According to Torrey and Farner, executive board members of the chapter will have the option to move into the Beta house in Spring 2022 if their current living situation allows.
Shissias stated that Beta’s Men of Principle Initiative drew him to join the fraternity, as well as the opportunity to “craft the identity” of the chapter as a founding father. He said Beta similarly has the potential to influence the future of Vanderbilt Greek Life as the campus’s newest chapter.
“You get to make it what you want it to be,” Shissias said.
Shissias also said he was inspired by junior Adam Levin’s positive experience as a recent founding father of Vanderbilt’s Tau chapter of Alpha Epsilon Pi (AEPi).

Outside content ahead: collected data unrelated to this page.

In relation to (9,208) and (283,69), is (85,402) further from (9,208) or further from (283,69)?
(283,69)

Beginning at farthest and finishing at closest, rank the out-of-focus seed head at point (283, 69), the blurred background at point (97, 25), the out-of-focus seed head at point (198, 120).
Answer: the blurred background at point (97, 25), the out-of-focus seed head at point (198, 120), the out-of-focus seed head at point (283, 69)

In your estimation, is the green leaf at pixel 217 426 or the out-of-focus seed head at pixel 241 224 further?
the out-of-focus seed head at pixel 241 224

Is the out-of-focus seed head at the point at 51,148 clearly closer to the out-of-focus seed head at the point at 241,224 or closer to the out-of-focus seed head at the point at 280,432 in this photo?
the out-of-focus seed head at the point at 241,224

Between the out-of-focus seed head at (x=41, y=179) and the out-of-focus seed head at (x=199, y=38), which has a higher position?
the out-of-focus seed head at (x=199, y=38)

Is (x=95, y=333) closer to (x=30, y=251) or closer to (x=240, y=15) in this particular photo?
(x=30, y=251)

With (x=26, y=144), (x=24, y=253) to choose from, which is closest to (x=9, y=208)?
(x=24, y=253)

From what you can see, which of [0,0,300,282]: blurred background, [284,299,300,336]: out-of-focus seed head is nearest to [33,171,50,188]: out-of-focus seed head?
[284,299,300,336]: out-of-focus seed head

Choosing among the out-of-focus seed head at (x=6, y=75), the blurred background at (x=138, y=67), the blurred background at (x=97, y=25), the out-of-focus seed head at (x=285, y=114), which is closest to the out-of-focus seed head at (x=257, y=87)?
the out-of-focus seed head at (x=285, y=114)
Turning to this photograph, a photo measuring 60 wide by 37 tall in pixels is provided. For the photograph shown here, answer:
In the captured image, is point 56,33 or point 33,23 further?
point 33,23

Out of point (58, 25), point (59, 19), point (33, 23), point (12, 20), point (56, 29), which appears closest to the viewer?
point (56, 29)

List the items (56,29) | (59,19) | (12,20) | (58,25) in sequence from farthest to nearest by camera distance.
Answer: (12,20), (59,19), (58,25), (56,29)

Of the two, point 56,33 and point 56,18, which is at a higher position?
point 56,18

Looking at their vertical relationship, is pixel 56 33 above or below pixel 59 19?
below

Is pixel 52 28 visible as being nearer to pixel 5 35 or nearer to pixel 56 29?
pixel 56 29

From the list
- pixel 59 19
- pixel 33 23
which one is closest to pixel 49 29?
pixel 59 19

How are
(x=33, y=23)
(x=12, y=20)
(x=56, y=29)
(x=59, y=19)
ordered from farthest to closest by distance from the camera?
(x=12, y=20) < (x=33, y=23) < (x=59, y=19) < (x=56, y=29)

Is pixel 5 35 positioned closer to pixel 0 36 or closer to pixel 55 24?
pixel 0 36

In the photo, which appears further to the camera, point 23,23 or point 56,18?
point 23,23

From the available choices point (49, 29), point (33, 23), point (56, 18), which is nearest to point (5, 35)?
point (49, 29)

“My advice to anyone wanting to become a founding father at Beta or any other fraternity/Greek organization in the future is to take advantage of the moment [and] not just to find a community for yourself, but to create one for future students,” Levin said in a message to The Hustler. “My hope is that not just two newly re-established fraternities, but Greek Life as a whole, [will] work together to collectively build a more welcoming and diverse environment for all students on campus and create a model system for other schools nationwide to follow.”
Per Farner, Beta’s recruitment efforts will continue through the Spring 2022 semester in an effort to make the fraternity more accessible to interested students. According to Farner, a “sustainable” Fall 2021 pledge class size would be 20 or more students, who would all be inducted as founding fathers of Vanderbilt’s Beta chapter.

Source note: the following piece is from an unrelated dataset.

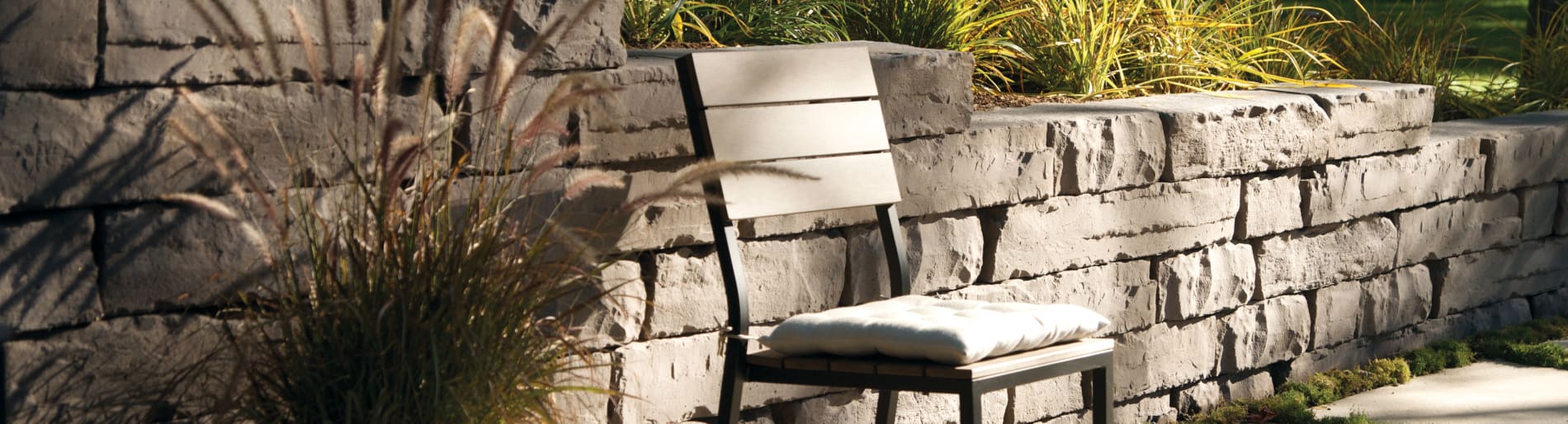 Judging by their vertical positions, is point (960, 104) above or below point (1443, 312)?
above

“Going into recruitment only focused on reaching a certain number can compromise the meticulous process of identifying men who are genuinely interested and invested in creating a different kind of fraternity,” Farner’s email reads.
As Beta does not have a national philanthropy, the chapter’s founding fathers will have the opportunity to choose their own cause, per the Vanderbilt OGL website. Farner said that discussions regarding potential philanthropies will be held with founding fathers following the Fall 2021 semester. Shissias echoed these sentiments, stating that conversations about philanthropy partnerships for the Vanderbilt chapter have yet to happen.
“I don’t think right now it’s a particularly large priority,” Shissias said.
Farner said that Beta’s lack of a national philanthropy allows brothers and chapters to become more in tune to the needs of their individual communities.
“Allowing undergraduate members to decide their philanthropy partners challenges them to learn more about issues going on around them and build more intentional relationships with each organization,” Farner said. “Every city and community may be affected by different issues and inequalities, and we want our members to invest in addressing them fully.”